Читаем Закат Европы полностью

Систематическая философия получила свое завершение с исходом XVIII столетия. Кант сообщил ее последним возможностям великую (для западноевропейского духа) и во многих случаях окончательную форму. За этой систематической философией, так же как в свое время за философией Платона и Аристотеля, следует специфически присущая большому городу, не умозрительная, а практическая, иррелигиозная, этически-общественная философия. Она начинается, соответствуя Зенону и Эпикуру, Шопенгауэром, который впервые поставил в центре своего мышления «волю к жизни» («творческую жизненную силу»), но под впечатлением великой традиции сохранил еще мудрствования систематической философии о явлении и вещи в себе, о форме и содержании наглядного представления, о различии между разумом и рассудком, что затуманило более глубокую тенденцию его учения. Это та же самая творческая воля к жизни, которая по методу Шопенгауэра отрицается в Тристане и по методу Дарвина утверждается в Зигфриде; которую Ницше с блеском и театральностью формулировал в «Заратустре»; которая через гегельянца Маркса дала толчок к созданию политико-экономической, а через мальтузианца Дарвина к созданию зоологической гипотезы (эти две гипотезы сообща и незаметно преобразовали мироощущение западноевропейских обитателей мировых городов), которая породила, начиная с геббелевской Юдифи до ибсеновского Эпилога, ряд трагических концепций одинакового типа и тем исчерпала цикл подлинно философских возможностей.

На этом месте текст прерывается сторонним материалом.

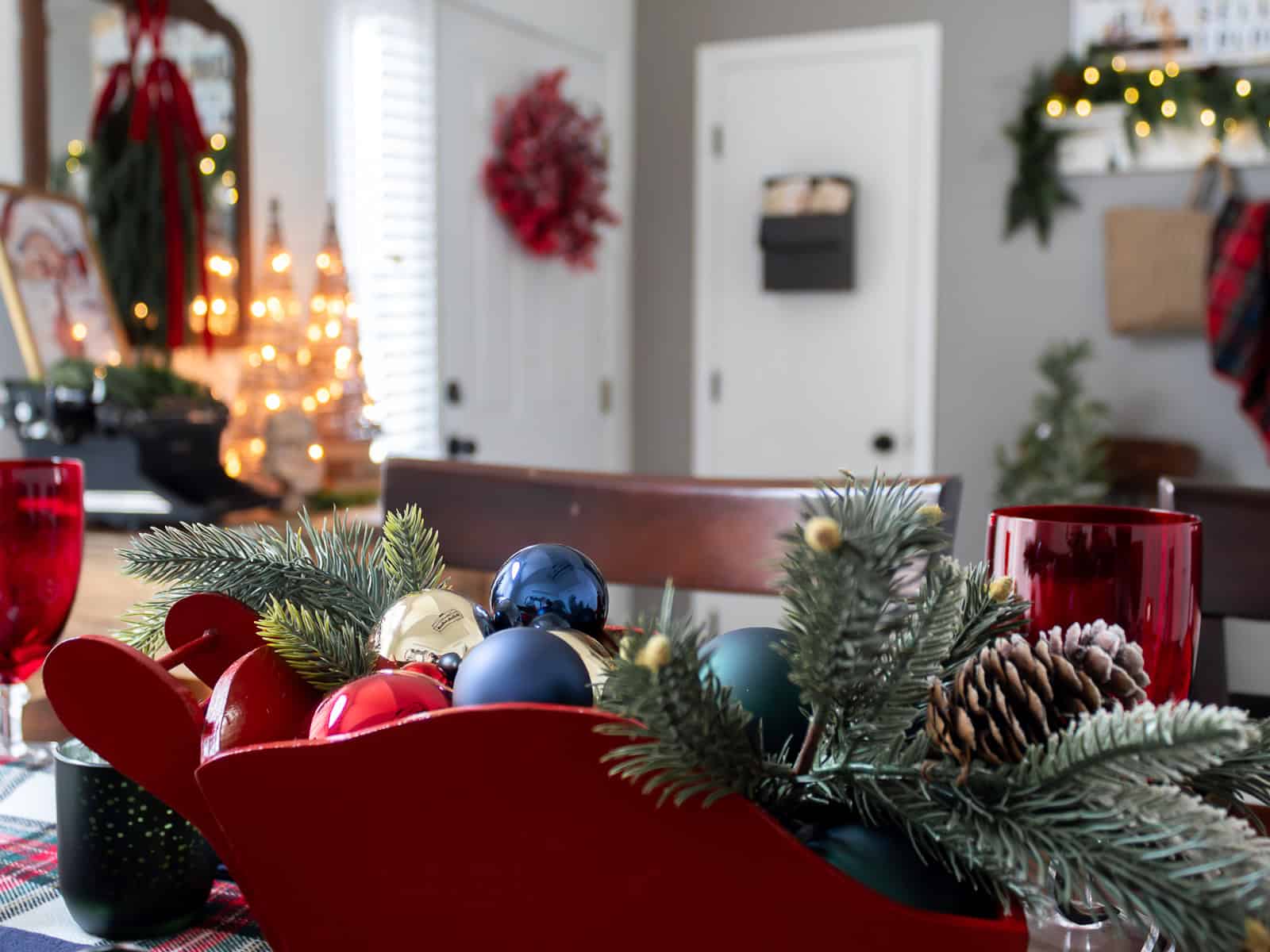 Close-up of a red wooden sleigh centerpiece on a Christmas tablescape, filled with evergreen branches, pinecones, and red, gold, and navy ornaments. The background shows a festive entryway with twinkle lights, a vintage mirror with a red bow, a berry wreath on the door, and holiday greenery along the wall hooks.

Систематическая философия нам теперь бесконечно далека; этическая же завершила свой путь развития. Остается еще третья возможность европейского духа, соответствующая эллинскому скептицизму, – та возможность, которая характеризуется неизвестным до сих пор методом сравнительной исторической морфологии. Возможность – значит необходимость. Античный скептицизм не историчен; его сомнение сводится к простому отрицанию. Западный скептицизм должен быть насквозь историчен, если он обладает внутренней необходимостью, если он хочет быть символом завершающей свой путь западной души. Он исходит из утверждения, что всякое историческое явление относительно. Метод его психологический. Скептическая философия выступает в эллинизме как отрицание философии – философию объявляют бесцельной. В противоположность этому мы принимаем историю философии как последнюю серьезную тему философии. Это скептицизм. Греки отказывались от абсолютных точек зрения, иронизируя над прошлым своего мышления; мы же отказываемся от них, потому что понимаем прошлое как организм.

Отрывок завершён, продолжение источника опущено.